[Records from a dataset]
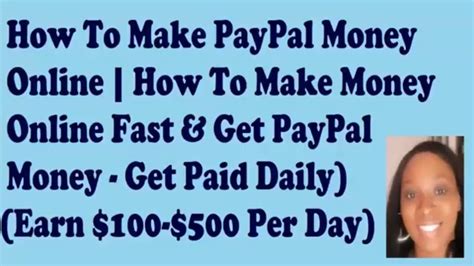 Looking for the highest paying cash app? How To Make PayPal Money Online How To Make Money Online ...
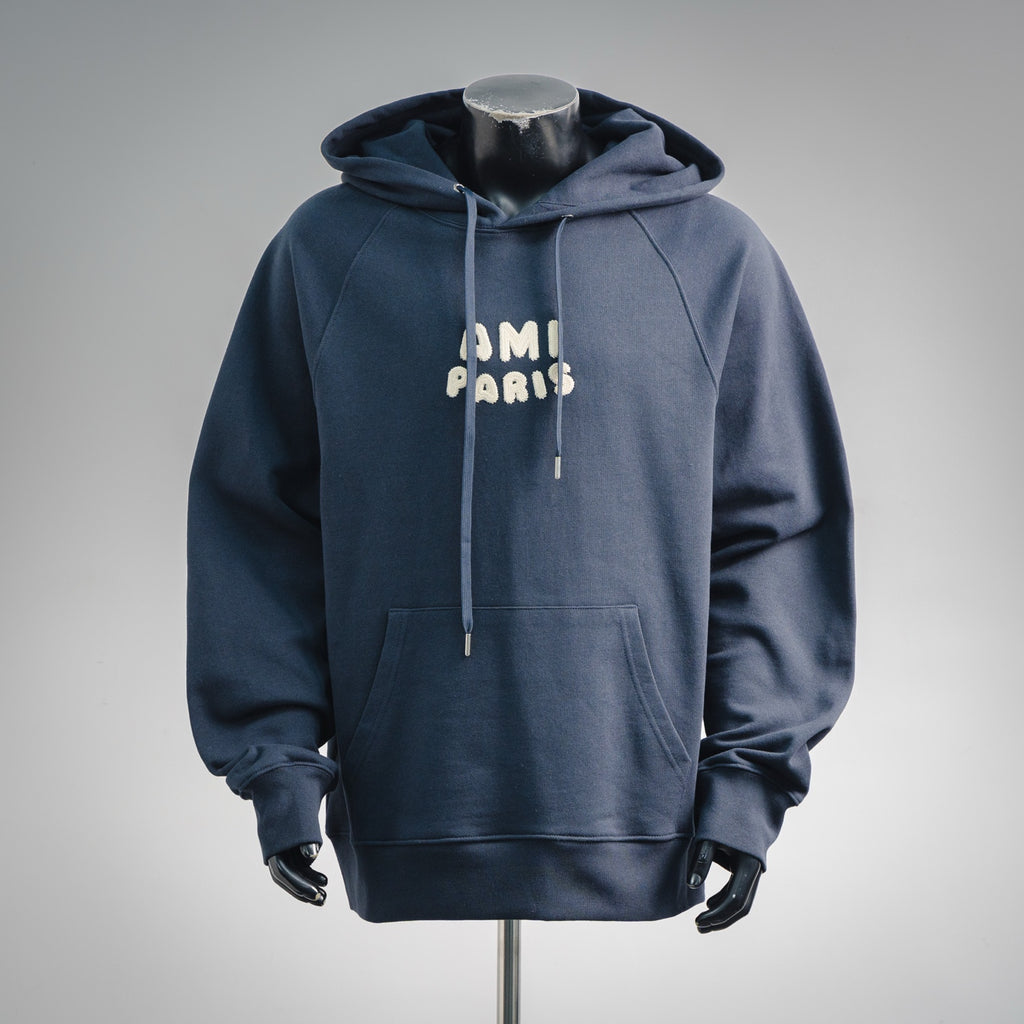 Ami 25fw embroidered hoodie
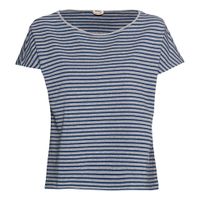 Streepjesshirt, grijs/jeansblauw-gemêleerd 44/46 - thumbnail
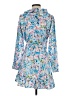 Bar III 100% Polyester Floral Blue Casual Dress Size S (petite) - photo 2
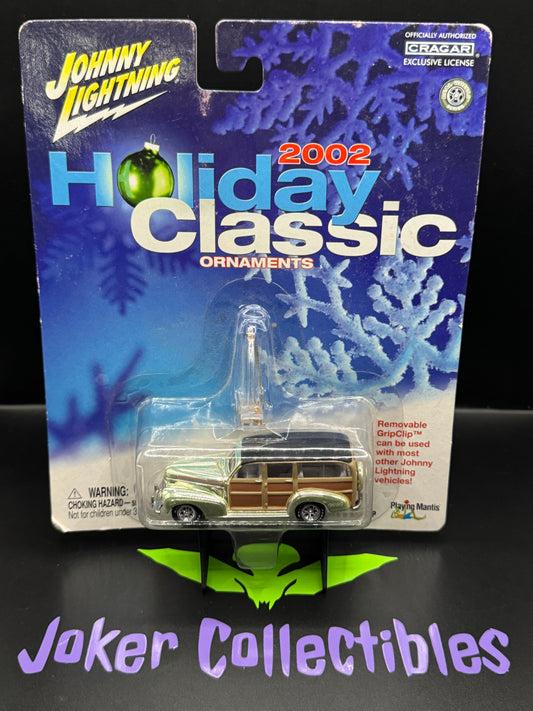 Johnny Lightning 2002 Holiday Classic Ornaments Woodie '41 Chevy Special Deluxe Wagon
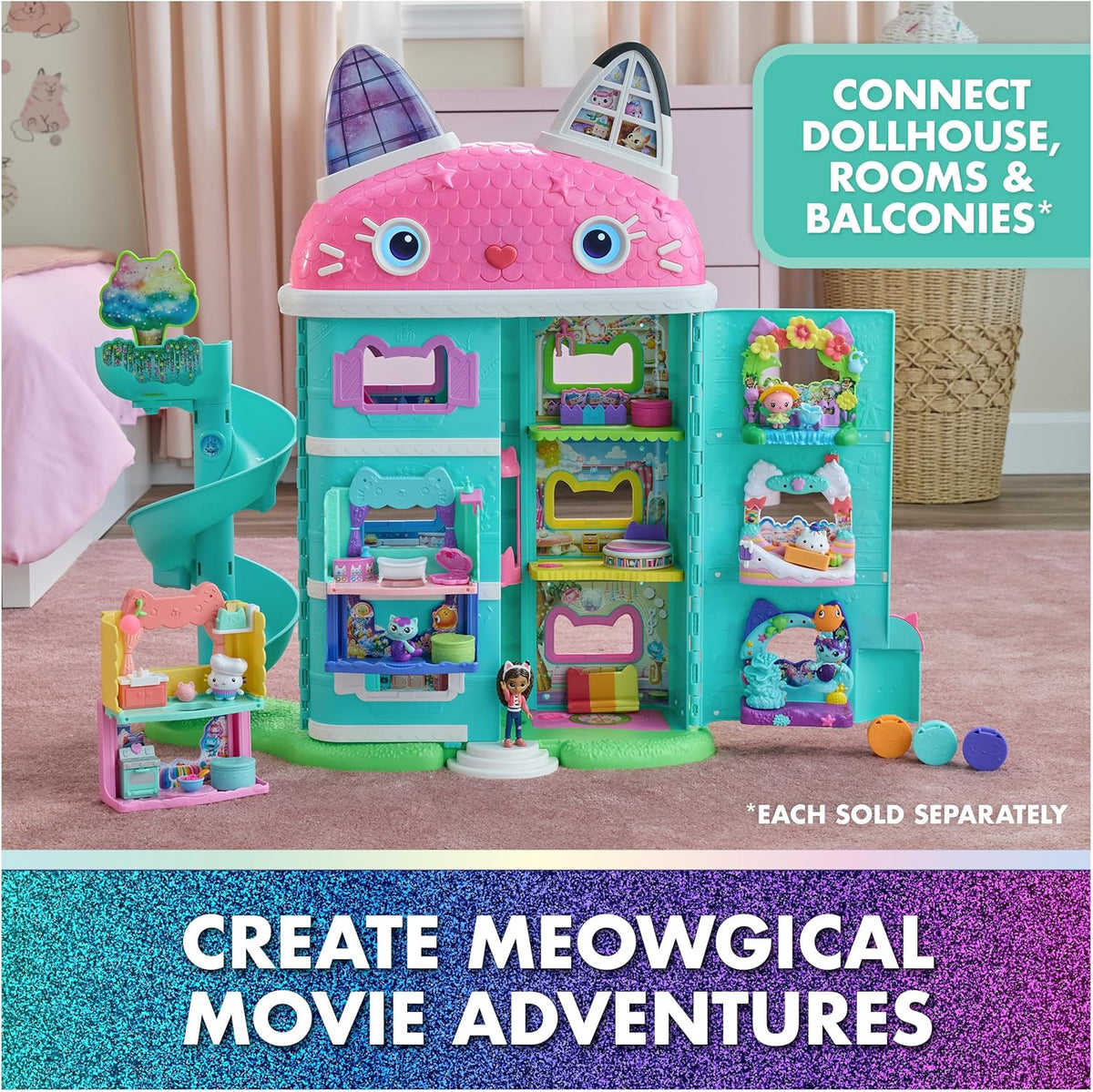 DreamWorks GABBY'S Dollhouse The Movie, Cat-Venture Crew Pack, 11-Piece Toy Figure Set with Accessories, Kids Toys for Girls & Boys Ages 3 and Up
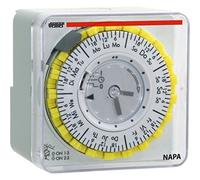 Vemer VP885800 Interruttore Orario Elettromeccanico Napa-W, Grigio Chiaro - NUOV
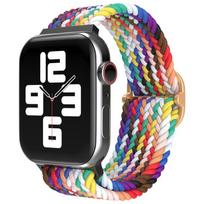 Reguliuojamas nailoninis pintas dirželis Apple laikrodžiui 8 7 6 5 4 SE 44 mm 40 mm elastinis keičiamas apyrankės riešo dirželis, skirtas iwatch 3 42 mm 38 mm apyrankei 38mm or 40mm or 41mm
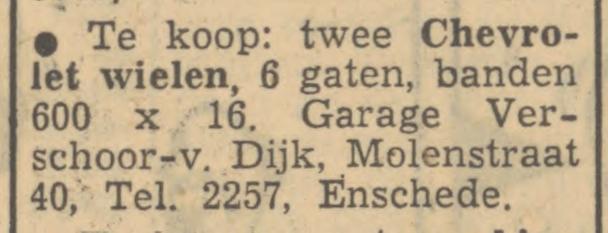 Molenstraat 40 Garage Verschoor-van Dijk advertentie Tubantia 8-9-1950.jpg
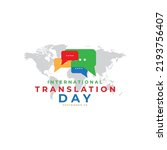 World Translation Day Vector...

What the exercise asks
Give every entry again verbatim, with no pictures.

The completed task
 Looking for the highest paying cash app? How To Make PayPal Money Online How To Make Money Online ...
 Ami 25fw embroidered hoodie
 Streepjesshirt, grijs/jeansblauw-gemêleerd 44/46 - thumbnail
 Bar III 100% Polyester Floral Blue Casual Dress Size S (petite) - photo 2
 Johnny Lightning 2002 Holiday Classic Ornaments Woodie '41 Chevy Special Deluxe Wagon
 DreamWorks GABBY'S Dollhouse The Movie, Cat-Venture Crew Pack, 11-Piece Toy Figure Set with Accessories, Kids Toys for Girls & Boys Ages 3 and Up
 Vemer VP885800 Interruttore Orario Elettromeccanico Napa-W, Grigio Chiaro - NUOV
 Reguliuojamas nailoninis pintas dirželis Apple laikrodžiui 8 7 6 5 4 SE 44 mm 40 mm elastinis keičiamas apyrankės riešo dirželis, skirtas iwatch 3 42 mm 38 mm apyrankei 38mm or 40mm or 41mm
 Molenstraat 40 Garage Verschoor-van Dijk advertentie Tubantia 8-9-1950.jpg
 World Translation Day Vector...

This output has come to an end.